Patients with RA often have comorbidities, including cardiovascular disease, insulin resistance, low bone mineral density, and depression. Greenberg et al. [Ann Rheum Dis 2011] reported that compared with nonbiologic disease-modifying antirheumatic drugs (DMARDs), the HRs for cardiovascular risk are 0.39 (95% CI, 0.19 to 0.82) with anti-TNF treatment and 0.94 (95% CI, 0.49 to 1.80) with methotrexate. With no treatment as a reference, treatment with prednisone yielded HR=1.78 (95% CI, 1.06 to 2.96) with <7.5 mg daily and HR=2.62 (95% CI, 1.29 to 5.31) with ≥7.5 mg daily.

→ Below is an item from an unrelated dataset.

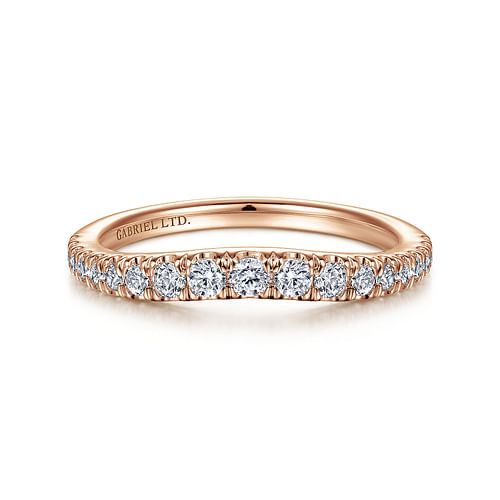 18K Rose Gold Matching Wedding Band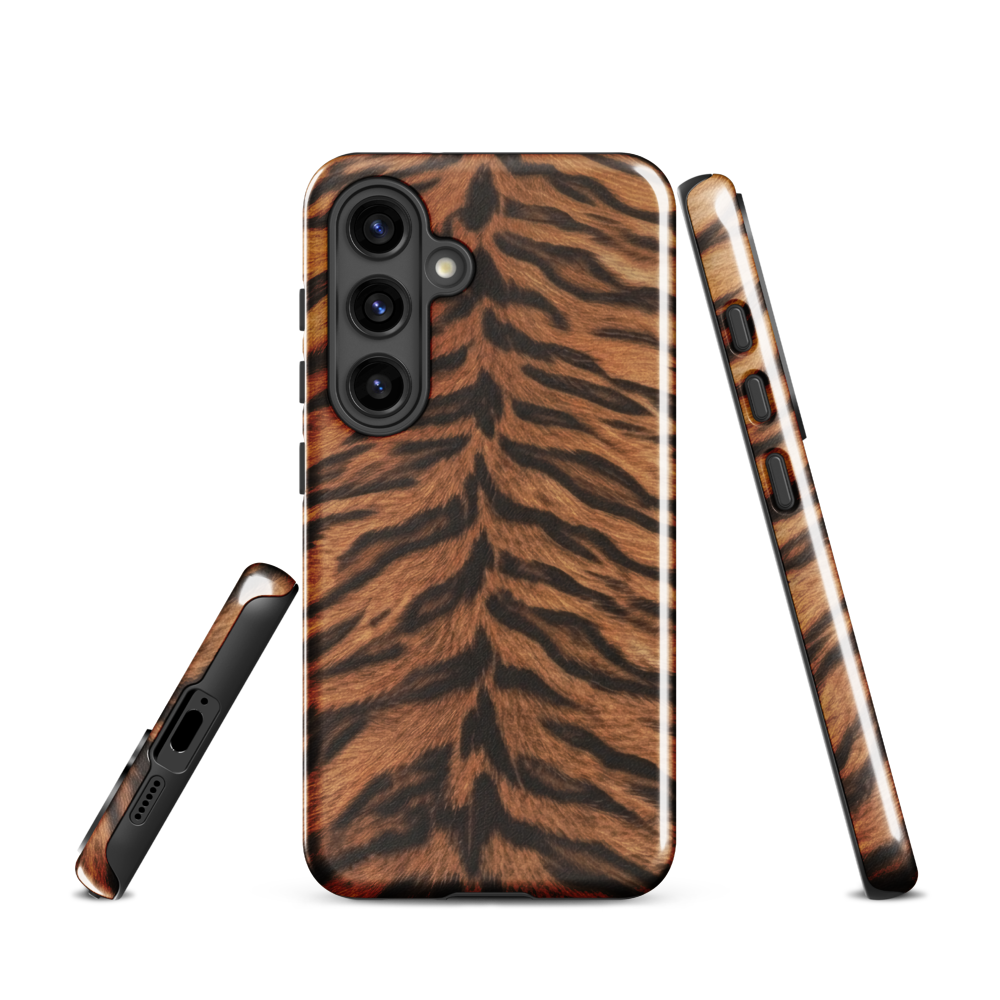 Tiger Print Tough Case for Samsung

With rigorous application of current medicines and advanced strategies, new therapies for RA have the potential to improve symptoms, signs, and function; reduce or eliminate damage; have an acceptable safety profile; have widespread patient endorsement; and increase adherence to target-based strategic approaches. These therapies could provide greater convenience, increased remission potential, cost-effectiveness, and/or durability.

Treatment strategies that are currently in development for RA include targeting DAMPs/PAMPs and other innate receptors, cytokines (eg, GM-CSF receptor, IL-17A, BlyS), protease-activated receptors (eg, PAR2), complement (eg, C5), kinase inhibitors (eg, SYK, JAK, BTK, PI3K), post-translational modification (eg, PADI4), and autoreactivity (eg, T-cell, β-cell). The most advanced kinase targets in RA are JAK and SYK. Both modulate inflammation and damage and are undergoing investigation in Phase 3 trials. Thus far, the efficacy datasets are encouraging. However, safety datasets will be a major driver in clinical decision-making. Additionally, questions remain about the effect of kinase inhibitors on comorbidities. Other factors that will affect the adoption of these new agents include patients' preferences (parenteral vs oral therapeutics) and cost-effectiveness.

Considerations for introducing kinase inhibitors in practice include comparing their tolerability and safety, efficacy, ease of administration, cost, predictability of responses, and pathological rationale with other treatments that are used in specific settings: premethotrexate (vs methotrexate, triple therapy), postmethotrexate inadequate response (IR; vs TNF inhibitor or other mechanism of action), and post-TNF inhibitor-IR (vs other biologic mechanism of action).